One of the challenges in allowing the Core Team to work together on the DotNetNuke application was the lack of high-quality infrastructure tools. Probably the most fundamental elements from a software development standpoint were the need for a reliable source-code-control system and issue-management system. Because the project had little to no financial resources to draw upon, we were forced to use whatever free services were available in the open source community. And although some of these services are leveraged successfully by other open source projects, the performance, management, and disaster recovery aspects are sorely lacking. This led to a decision to approach some of the more successful commercial vendors in these areas with requests for pro-bono software licenses. Surprisingly, these vendors were more than happy to assist the DotNetNuke open source project — in exchange for some minimal sponsorship recognition. This model has ultimately been carried on in other project areas to acquire the professional infrastructure, development tools, and services necessary to support our growing organization.

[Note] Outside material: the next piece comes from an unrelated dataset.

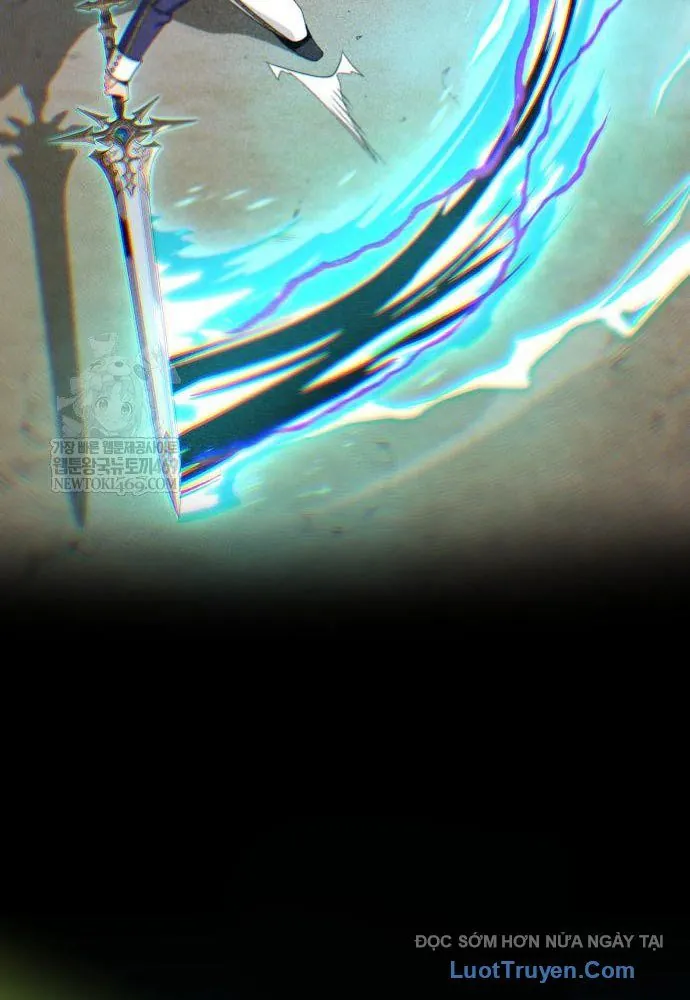 Sự Thức Tỉnh Của Hắc Ma Pháp Sư Sau 66666 Năm - Chương 162 - Trang 119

As we worked through the enhancements for the DotNetNuke 2.0 project, a number of Core Team members gained considerable respect within the project based on their high level of commitment, unselfish behavior, and expert development skills. Joe Brinkman, Dan Caron, Scott McCulloch, and Geert Veenstra sacrificed a lot of personal time and energy to improve the DotNetNuke open source project. And the important thing to realize is that they did so because they wanted to help others and make a difference, not because of self-serving agendas or premeditated expectations. The satisfaction of working with other highly talented individuals in an open, collaborative environment is reward enough for some developers. And it is this particular aspect of open source development that continues to confound and amaze people as time goes on.

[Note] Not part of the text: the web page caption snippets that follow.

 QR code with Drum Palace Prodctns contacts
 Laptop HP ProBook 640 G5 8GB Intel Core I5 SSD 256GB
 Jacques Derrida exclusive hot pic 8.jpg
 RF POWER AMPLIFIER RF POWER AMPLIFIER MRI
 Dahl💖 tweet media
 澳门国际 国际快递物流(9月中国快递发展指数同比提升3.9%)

In October 2003, there was a Microsoft Professional Developers Conference (PDC) in Los Angeles, California. The PDC is the premier software development spectacle for the Microsoft platform; an event that occurs only every two years. About a month prior to the event Cory Isakson, a developer on the Rainbow Portal open source project, contacted me, saying that "Open Source Portals" had been nominated as a category for a "Birds of Feather" session at the event. I posted the details in the DotNetNuke Forum and soon the item had collected enough community votes that it was approved as an official BOF session. This provided a great opportunity to meet with DotNetNuke enthusiasts and critics from all over the globe. It also provided a great networking opportunity to chat with the most influential commercial software vendors in the .NET development space (contacts made with SourceGear and MaximumASP at this event proved to be important to DotNetNuke, as time would tell).